Changed my perception of life
"Hiroshima Mon Amour" is one of the few films that I can say actually changed my life. I just watched it tonight, but already I understand and have faced one of my deepest fears: that of forgetting, forgetting things, forgetting places, forgetting love. And this movie has taught me not to fear it, but to learn to live with it. Time is here, time does not move but in our minds, as past and present are never individual unities: they combine and reshape each other, redefining the "real" events we have experienced and making it impossible to take our whole life and analyze it. Everything remains alive even when it's gone, for it subsists in our memory, which is impossible to share. She says she has seen and understood Hiroshima, almost felt it (through pictures, through monuments), but He could never express the extreme pain of the event itself, of the loss he had, of the destruction of mankind.

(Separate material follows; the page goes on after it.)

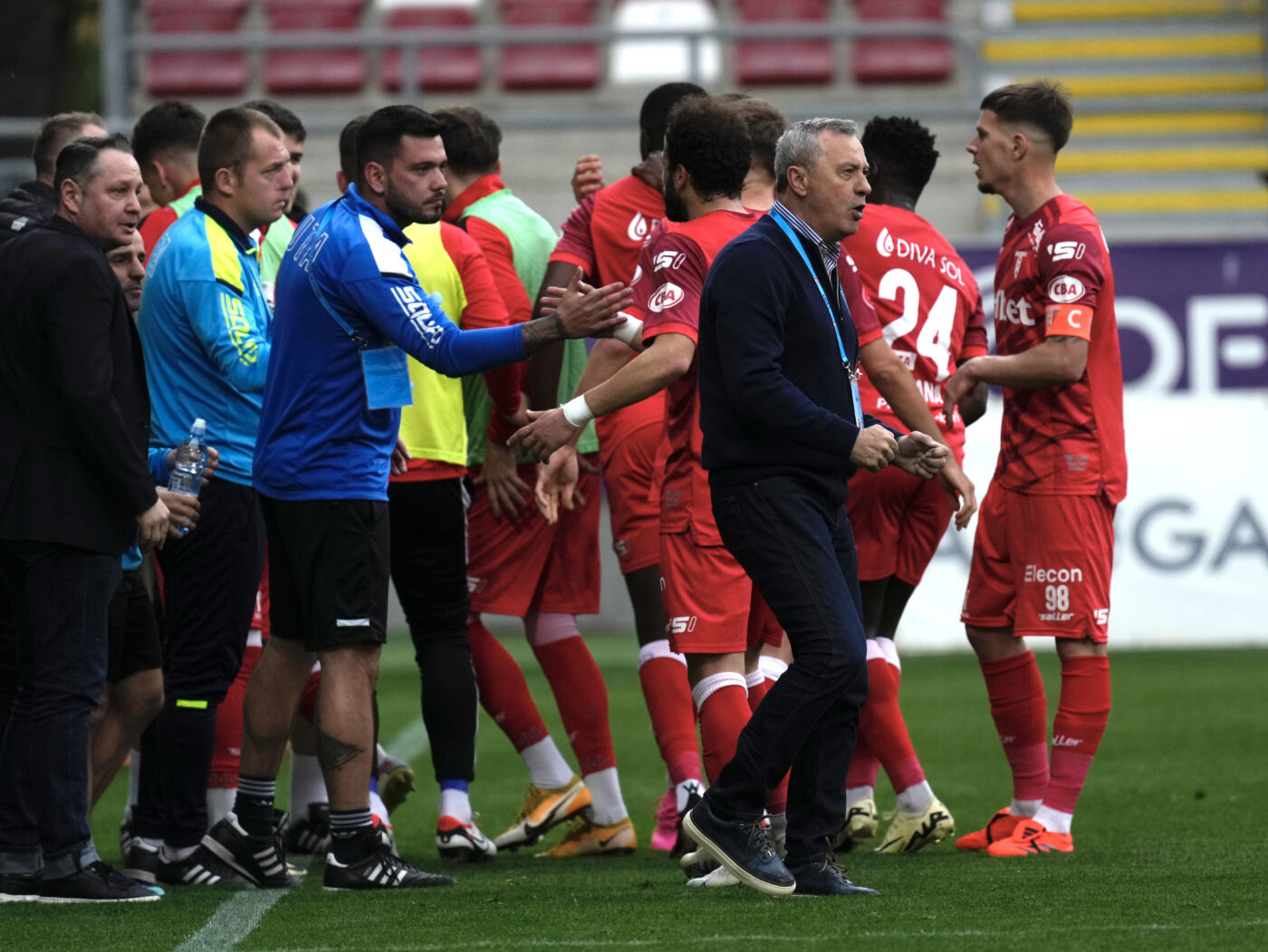 Mircea Rednic, recompensă pentru jucătorii săi după UTA – Botoșani 1-0. Ce au primit fotbaliștii arădeni din partea „Puriului”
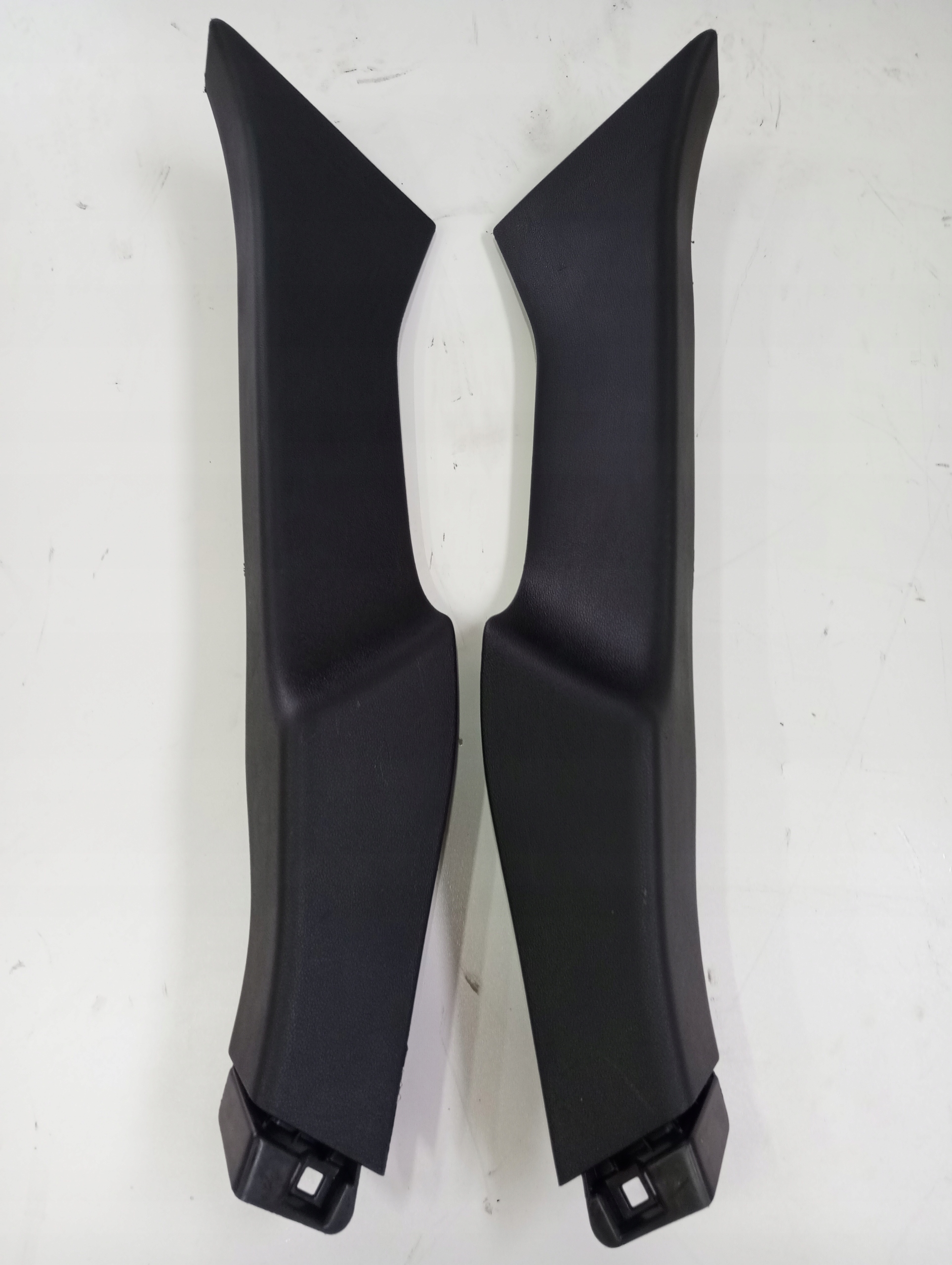 cover plastic for pillar cap RENAULT GRAND SCENIC IV 20R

For in a sense, every war kills the whole of mankind every time.
After war (during war also, for those that dare not to understand what is going on, like Her in her twenties, falling for a German) the world is forever uncertain, as is the pain we felt, the pain that we carry with ourselves, and the love the rest may offer us. All that is certain is oblivion, the anihilation of love, harmony and happiness. All things must pass. Everything passes, time passes. All will crumble to dust and yet it shall remain, breathing, living in our confused and uncertain memories. My name is San José, this is the setting of my tragedies, the place for my crying. It will also fade away someday, but did it ever exist? When I leave, it will remain intact. "Hiroshima Mon Amour" makes the world unbearable and endlessly fascinating at once. A masterpiece of world cinema.